Statistics from the Federal Trade Commission (FTC) show that more than 12 million cases of identity theft take place annually, and most of the victims have no idea it has even happened until some time later. Often, an individual will only realize that they have been the victim of theft of identity when they go to file their taxes and the IRS informs them that someone has already filed and collected the victim’s tax return.
If you are one of these individuals who has fallen prey to identity theft, you may have been able to detect it earlier if you had regularly monitored your credit report. However, because an increasing number of fraudulent tax forms are filed every year, the Internal Revenue Service (IRS) is ramping up it’s capabilities and hiring more professionals to tackle cases of theft of identity and track down the criminals committing this fraud.

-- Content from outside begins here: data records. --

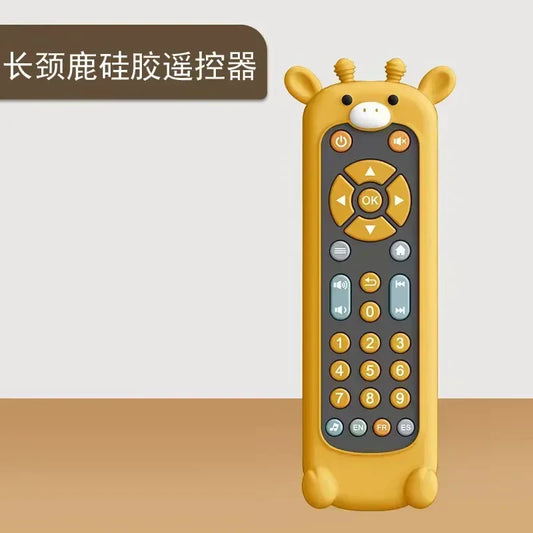 Yellow giraffe-shaped silicone music tv remote cover with light musical baby toy sensory remote for toddlers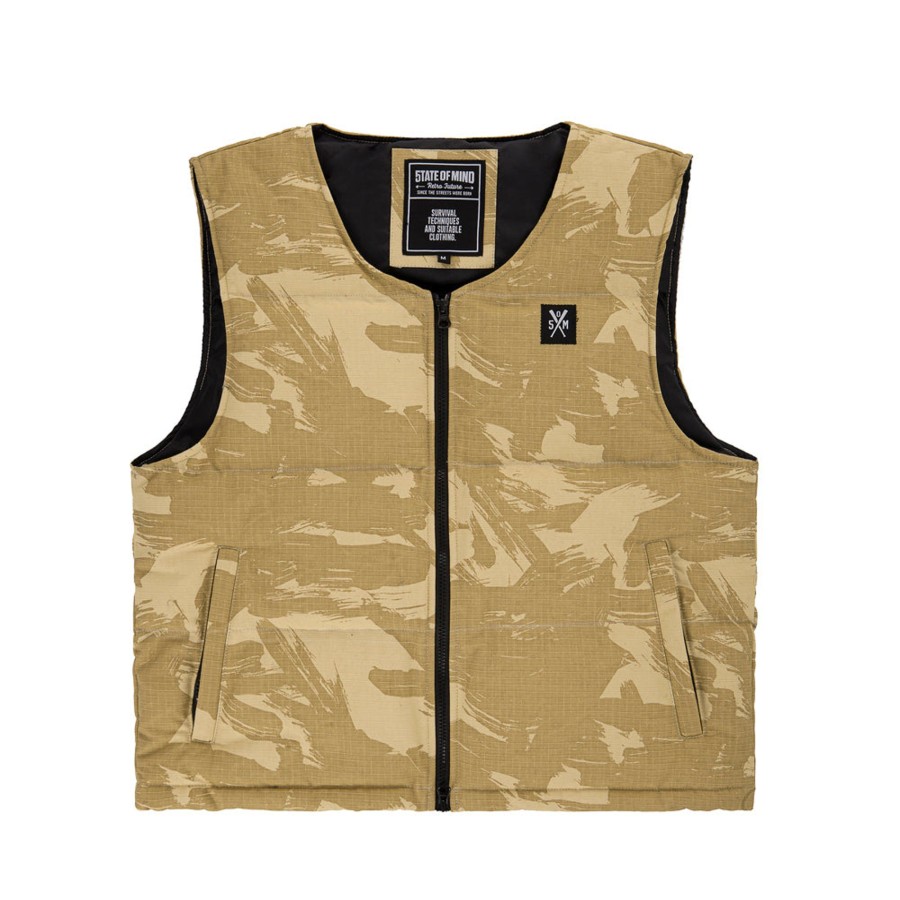 Giacche 5tate Of Mind | Retrofuture Basic Puffer Rider Vest Beige/Camo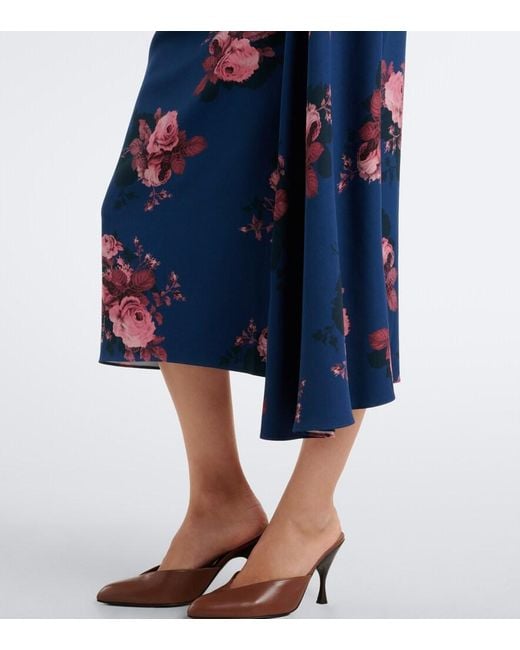 Erdem Blue Floral Cady Midi Dress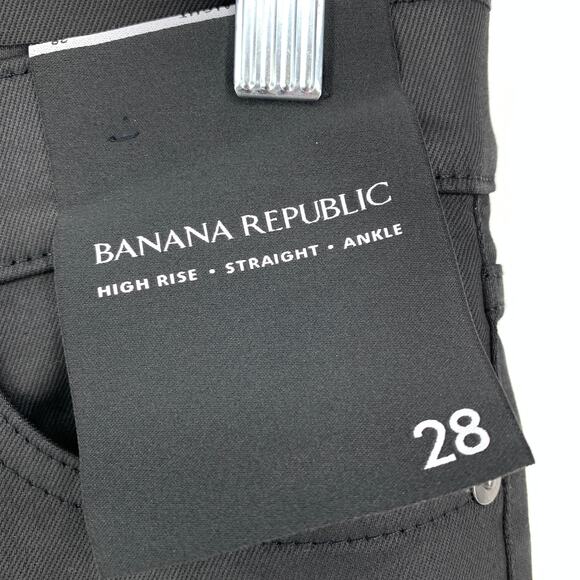 Banana Republic Women's Size 28 High Rise Straight Leg Ankle Jeans Black Coated - Picture 5 of 7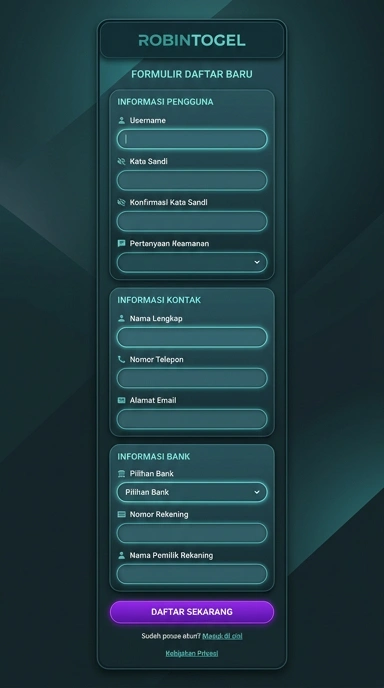 Panduan Registrasi Akun Baru Robintogel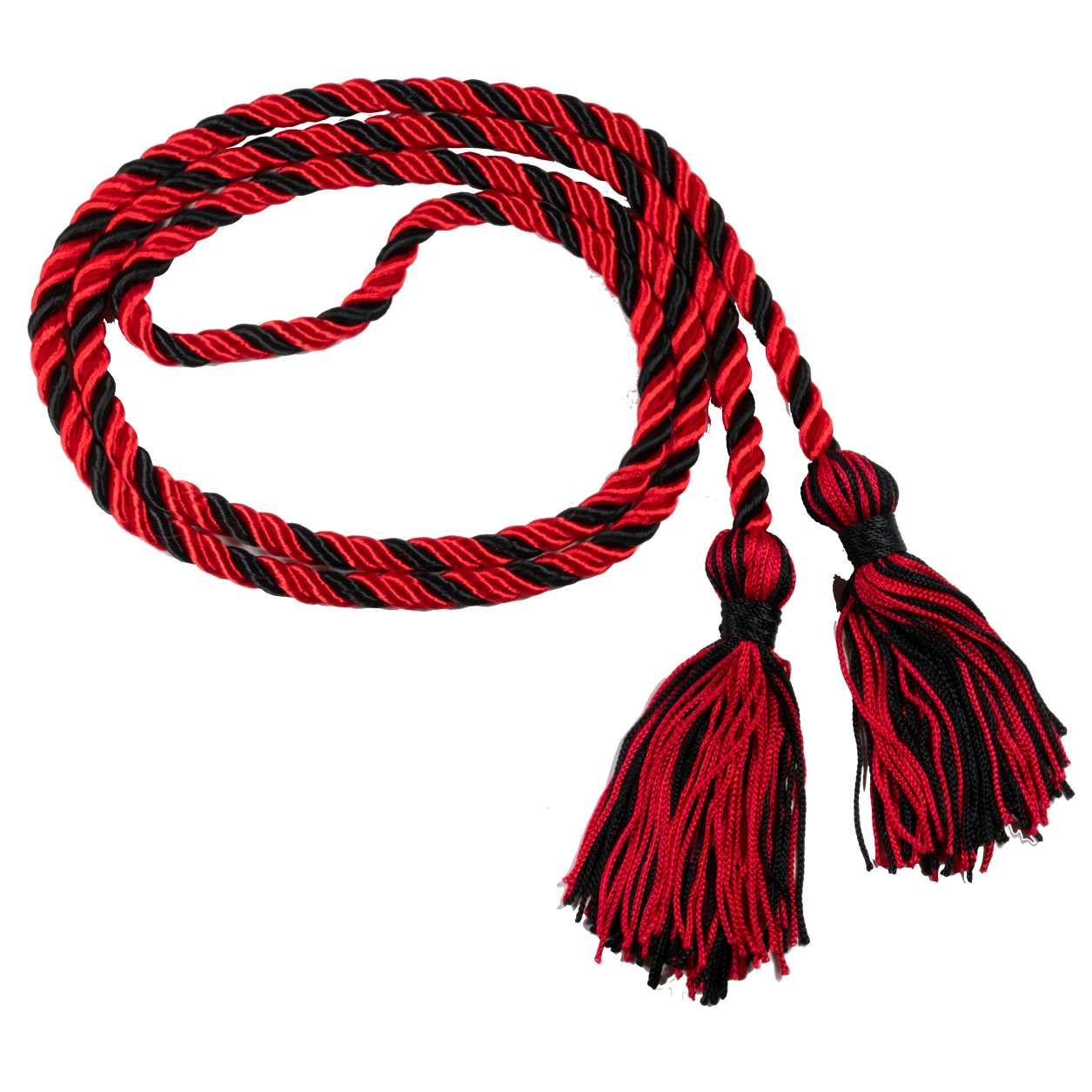 Red, Red, and Black variegated honor cord with mixed tassel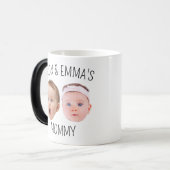 顔パーソナライズされた写真マグカップ、母の日の贈り物 モーフィングマグカップ (正面左)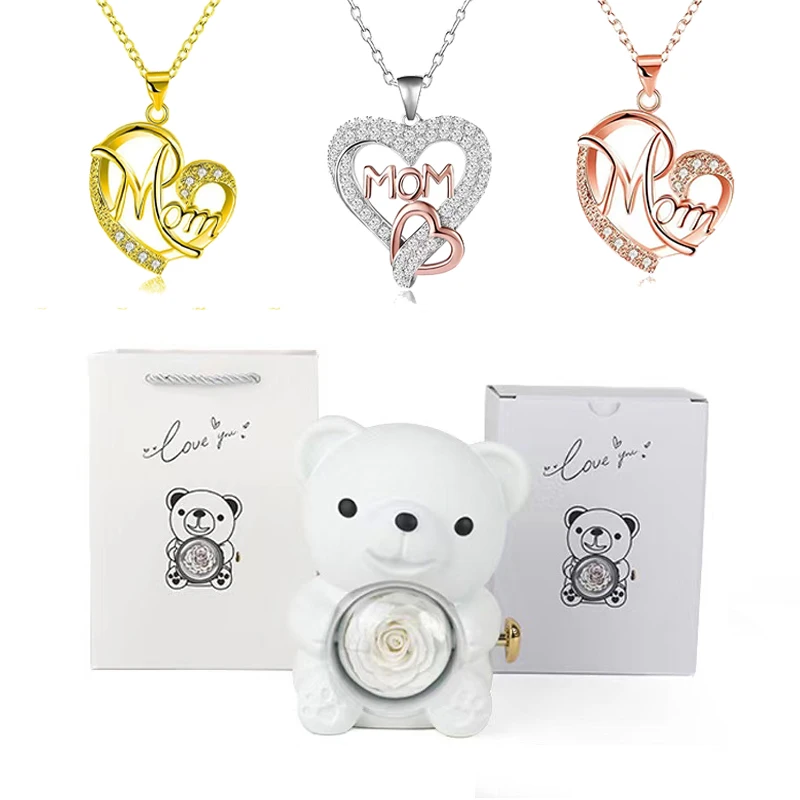 

Heart Zircon Mom Pendant Necklaces With Cute Bear Rose Flower Gift Box 2025 Suitable For Christmas Mother Day Romantic Jewelry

By June 30 of this year, the IRS had already investigated 1100 criminal cases of identity theft for the fiscal year, surpassing the total number of incidents in 2012 long before the year was even through.
To beef up their capabilities, the department went about allocating more than 3,000 workers to not only watching out for this crime but making it harder for it to happen.
“Refund fraud caused by identity theft is one of the biggest challenges facing the IRS today,” Danny Werfel, interim leader of the IRS, told the House subcommittee in a debate facing budget cuts to the agency.
While the government is doing all it can to thwart theft of identity, you need to take actions on your own behalf to ensure that identity theft doesn’t catch you off guard.